Ayrıca, altyapıdaki yüzde 98’lik gerçekleşme oranı ile Türkiye’de en önde olan büyükşehiriz. Sadece Saraçoğlu mahallemizde kanalizasyon yoktu, onun da ihalesini yaptık. O bölgeye toplam 15 trilyon liralık bir yatırım yapacağız. Yine, yeni kararını aldığımız 3 trilyonluk bir ihale de sel sularının ıslahı ile ilgili. Toplu Konut alanından Tıp Fakültesi’ne doğru gerçekleştirilecek sel suları ıslah projesi ile, bir kanal açılacak, o da yolların bozulmasını önlemek için şehrin dışına taşınacak. İlçe belediyelerimiz ile birlikte ürettiğimiz konut alanı sayısı bir yıl içinde 9 bin konutu buldu. Çoğunda yapılaşma başladı. Sadece bir bölgede 2 bin 16 konut bir yıl içinde teslime hazır hale getirildi. Yine sanayi alanları ile ilgili de altyapı ve arsa temin çalışmalarımız var. Mesela Ankara Yolu üzerinde 60 fabrikadan oluşan bir sanayi alanı son bir sene içinde bitme aşamasına geldi. Ciddi bir hamle oldu bu. Büsan Organize Sanayi bölgesinin arkasında, yerini Karatay Belediyemizin temin ettiği bu tesisler önemli. İstihdama yönelik de çeşitli özendirici çalışmalarımız var. Ayrıca meslek sahibi olmayanlara yönelik ciddi çalışmalar başlattık. Son bir senede 60 ayrı branşta hizmet veren Meslek Edindirme Kursları’nı açtık. Torna-tesviye Auto Cad, doğalgaz tesisatçılığı, kaynakçı, motor gibi her türlü meslek erbabına ve hanımlara yönelik meslek dallarında da hizmet veriyoruz. Bunların da istihdama katkısı oldu. Bazı bölümlerde mezun olmadan talep gören öğrenciler var. Yani her koldan çalışıyoruz. Sadece belediye yatırımları değil, şehrin sosyal, kültürel ihtiyaçlarının da karşılanması amacıyla çok ciddi çalışmalar yapıyoruz.

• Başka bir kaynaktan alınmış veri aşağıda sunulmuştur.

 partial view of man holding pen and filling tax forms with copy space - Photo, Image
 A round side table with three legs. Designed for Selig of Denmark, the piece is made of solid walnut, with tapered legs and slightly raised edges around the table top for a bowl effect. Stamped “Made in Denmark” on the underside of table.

e-Belediye: Sayın Başkanım sizin eklemek isteğiniz ve bizim sormayı unuttuğumuz diğer konularla ilgili bilgileri de ekler misiniz?

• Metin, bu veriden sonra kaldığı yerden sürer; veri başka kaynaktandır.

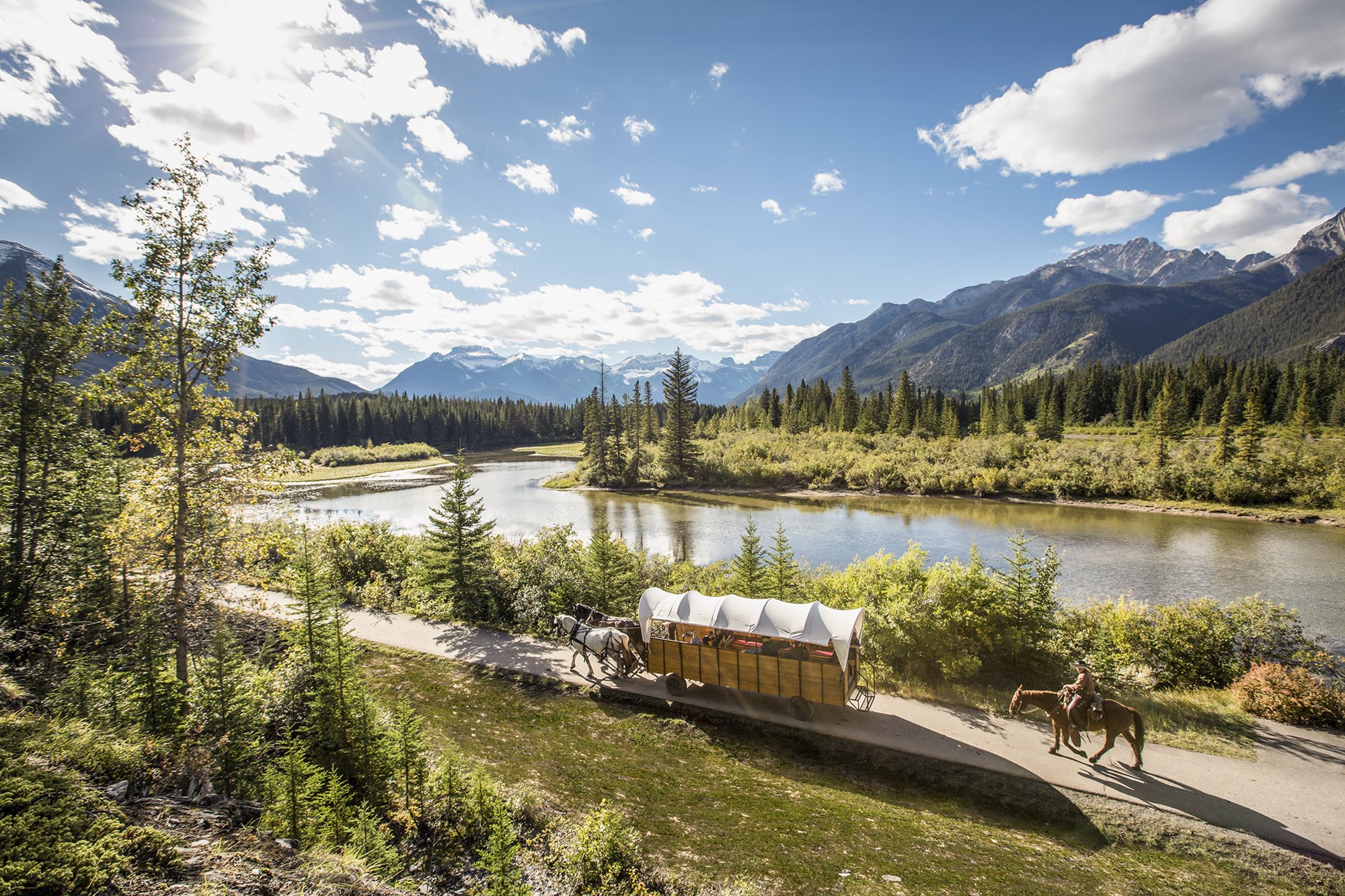 People riding horses in the mountains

Tahir Akyürek: Her geçen gün büyüyen Konya’mıza yeni ve ayrıntılı  projeler hazırlayarak geleceğin Konya’sını  oluşturmak için çalışmalarımıza hızla devam ediyoruz. Biz belediyecilik hususunda üzerimize düşeni yapıyor, şehrin geleceğine katkı sağlayacak yatırımlara imza atıyoruz. Konya’nın tam anlamıyla bir dünya kenti olması için şehrin kendi öz kaynaklarını modern belediyecilik anlayışıyla bütünleştirirken gerekli destek ve ilgiye olan ihtiyacımız her zamankinden fazladır. Bu çerçevede hemşehrilerimizden desteklerinin artarak devamını beklerken, ilginiz nedeniyle sizlere de teşekkür ediyorum.